* [Stored entries]
^^^^^^^^^^^^^^^^
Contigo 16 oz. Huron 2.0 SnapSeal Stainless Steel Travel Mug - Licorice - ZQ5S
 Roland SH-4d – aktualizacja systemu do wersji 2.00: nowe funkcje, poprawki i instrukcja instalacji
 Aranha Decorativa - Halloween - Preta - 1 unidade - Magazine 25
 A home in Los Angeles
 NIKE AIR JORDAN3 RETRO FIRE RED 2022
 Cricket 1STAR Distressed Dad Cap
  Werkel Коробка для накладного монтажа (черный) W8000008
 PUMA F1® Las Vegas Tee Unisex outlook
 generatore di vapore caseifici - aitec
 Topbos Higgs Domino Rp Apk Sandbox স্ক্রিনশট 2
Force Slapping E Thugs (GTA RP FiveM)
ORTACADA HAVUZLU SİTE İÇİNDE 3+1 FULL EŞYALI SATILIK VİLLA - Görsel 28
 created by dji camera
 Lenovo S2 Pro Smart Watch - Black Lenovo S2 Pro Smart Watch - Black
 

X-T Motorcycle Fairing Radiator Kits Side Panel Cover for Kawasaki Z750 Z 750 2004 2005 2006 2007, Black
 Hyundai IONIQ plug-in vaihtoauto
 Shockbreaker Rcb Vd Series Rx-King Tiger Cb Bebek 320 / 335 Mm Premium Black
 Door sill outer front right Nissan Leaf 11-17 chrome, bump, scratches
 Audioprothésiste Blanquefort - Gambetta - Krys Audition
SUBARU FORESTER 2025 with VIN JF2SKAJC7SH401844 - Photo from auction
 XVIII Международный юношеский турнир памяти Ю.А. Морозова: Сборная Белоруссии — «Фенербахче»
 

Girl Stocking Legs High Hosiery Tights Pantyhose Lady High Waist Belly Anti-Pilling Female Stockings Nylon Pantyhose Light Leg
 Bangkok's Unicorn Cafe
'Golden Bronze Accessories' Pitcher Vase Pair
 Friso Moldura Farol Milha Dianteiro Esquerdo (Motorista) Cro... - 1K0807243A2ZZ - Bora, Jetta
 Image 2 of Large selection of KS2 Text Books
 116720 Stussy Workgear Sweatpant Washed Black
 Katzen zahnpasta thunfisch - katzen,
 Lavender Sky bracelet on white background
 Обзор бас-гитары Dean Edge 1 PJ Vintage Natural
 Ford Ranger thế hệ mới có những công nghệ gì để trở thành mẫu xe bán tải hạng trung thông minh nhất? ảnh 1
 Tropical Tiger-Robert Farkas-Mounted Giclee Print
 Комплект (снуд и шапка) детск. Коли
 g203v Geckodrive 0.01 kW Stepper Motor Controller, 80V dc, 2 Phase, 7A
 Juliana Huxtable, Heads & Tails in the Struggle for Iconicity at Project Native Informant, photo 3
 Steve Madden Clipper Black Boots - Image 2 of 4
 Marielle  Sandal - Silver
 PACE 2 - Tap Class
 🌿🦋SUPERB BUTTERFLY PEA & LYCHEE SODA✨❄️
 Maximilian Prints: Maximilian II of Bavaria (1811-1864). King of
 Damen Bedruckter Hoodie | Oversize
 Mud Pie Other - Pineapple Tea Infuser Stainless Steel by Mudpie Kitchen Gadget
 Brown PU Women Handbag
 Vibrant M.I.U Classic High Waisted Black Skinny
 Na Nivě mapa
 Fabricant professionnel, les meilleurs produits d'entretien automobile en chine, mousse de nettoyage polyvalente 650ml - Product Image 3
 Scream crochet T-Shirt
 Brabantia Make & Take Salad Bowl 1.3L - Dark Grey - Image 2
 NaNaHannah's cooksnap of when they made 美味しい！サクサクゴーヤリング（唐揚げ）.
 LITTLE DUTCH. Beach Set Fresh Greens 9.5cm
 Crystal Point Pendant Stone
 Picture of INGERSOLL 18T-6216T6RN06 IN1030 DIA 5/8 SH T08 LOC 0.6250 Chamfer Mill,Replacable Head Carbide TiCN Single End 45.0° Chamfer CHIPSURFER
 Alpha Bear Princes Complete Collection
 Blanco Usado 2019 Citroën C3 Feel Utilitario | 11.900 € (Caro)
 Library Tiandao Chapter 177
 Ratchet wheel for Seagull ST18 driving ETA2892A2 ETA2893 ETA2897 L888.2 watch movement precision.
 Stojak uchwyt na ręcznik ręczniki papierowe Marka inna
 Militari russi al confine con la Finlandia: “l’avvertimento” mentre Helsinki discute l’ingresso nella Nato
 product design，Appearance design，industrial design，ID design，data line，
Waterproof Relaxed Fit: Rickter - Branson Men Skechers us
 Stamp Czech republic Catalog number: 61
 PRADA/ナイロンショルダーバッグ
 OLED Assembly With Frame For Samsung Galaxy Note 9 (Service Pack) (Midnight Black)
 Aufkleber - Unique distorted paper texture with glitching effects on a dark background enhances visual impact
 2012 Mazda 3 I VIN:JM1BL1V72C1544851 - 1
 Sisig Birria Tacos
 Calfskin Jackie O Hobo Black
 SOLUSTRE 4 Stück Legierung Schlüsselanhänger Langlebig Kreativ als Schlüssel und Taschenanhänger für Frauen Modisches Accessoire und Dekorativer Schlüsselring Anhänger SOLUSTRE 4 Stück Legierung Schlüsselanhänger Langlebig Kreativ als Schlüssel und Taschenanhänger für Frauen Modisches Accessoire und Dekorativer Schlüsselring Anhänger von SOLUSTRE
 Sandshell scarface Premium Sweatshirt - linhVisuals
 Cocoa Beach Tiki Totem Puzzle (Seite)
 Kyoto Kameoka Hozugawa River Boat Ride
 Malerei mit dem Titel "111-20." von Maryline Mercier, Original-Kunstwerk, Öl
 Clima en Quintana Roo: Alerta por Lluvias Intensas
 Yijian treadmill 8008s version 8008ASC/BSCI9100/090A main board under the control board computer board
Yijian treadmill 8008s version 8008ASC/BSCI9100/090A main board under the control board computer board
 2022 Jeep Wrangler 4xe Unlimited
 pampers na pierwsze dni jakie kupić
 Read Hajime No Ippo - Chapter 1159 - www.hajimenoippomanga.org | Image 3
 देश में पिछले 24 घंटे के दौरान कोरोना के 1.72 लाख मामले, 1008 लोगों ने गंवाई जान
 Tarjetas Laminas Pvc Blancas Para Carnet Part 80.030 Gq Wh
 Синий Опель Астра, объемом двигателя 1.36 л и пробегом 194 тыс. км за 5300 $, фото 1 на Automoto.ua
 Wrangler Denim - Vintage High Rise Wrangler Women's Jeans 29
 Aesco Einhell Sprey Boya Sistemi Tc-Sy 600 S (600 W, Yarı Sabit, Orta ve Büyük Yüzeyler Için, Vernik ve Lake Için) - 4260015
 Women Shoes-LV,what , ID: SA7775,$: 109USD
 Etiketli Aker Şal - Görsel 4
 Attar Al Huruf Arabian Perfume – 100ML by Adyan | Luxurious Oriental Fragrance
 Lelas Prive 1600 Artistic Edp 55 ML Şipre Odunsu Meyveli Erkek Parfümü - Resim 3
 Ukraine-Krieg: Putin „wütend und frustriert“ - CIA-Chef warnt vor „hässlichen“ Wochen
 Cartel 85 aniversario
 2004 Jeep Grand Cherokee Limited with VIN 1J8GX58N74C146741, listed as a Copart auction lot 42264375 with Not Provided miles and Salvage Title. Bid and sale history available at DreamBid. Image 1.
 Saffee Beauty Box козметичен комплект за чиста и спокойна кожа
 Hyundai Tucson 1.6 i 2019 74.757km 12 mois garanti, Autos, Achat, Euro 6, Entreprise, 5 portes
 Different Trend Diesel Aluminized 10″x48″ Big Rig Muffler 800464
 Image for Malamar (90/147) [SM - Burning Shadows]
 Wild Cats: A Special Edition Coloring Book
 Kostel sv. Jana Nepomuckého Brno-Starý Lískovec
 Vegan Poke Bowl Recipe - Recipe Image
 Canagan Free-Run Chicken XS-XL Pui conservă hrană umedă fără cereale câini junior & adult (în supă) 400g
^^^^^^^^^^^^^^^^
* [Task requirements] Among the lines above, find those with the string "Jeep" and copy them.

* [Answer to the exercise]
 2022 Jeep Wrangler 4xe Unlimited
 2004 Jeep Grand Cherokee Limited with VIN 1J8GX58N74C146741, listed as a Copart auction lot 42264375 with Not Provided miles and Salvage Title. Bid and sale history available at DreamBid. Image 1.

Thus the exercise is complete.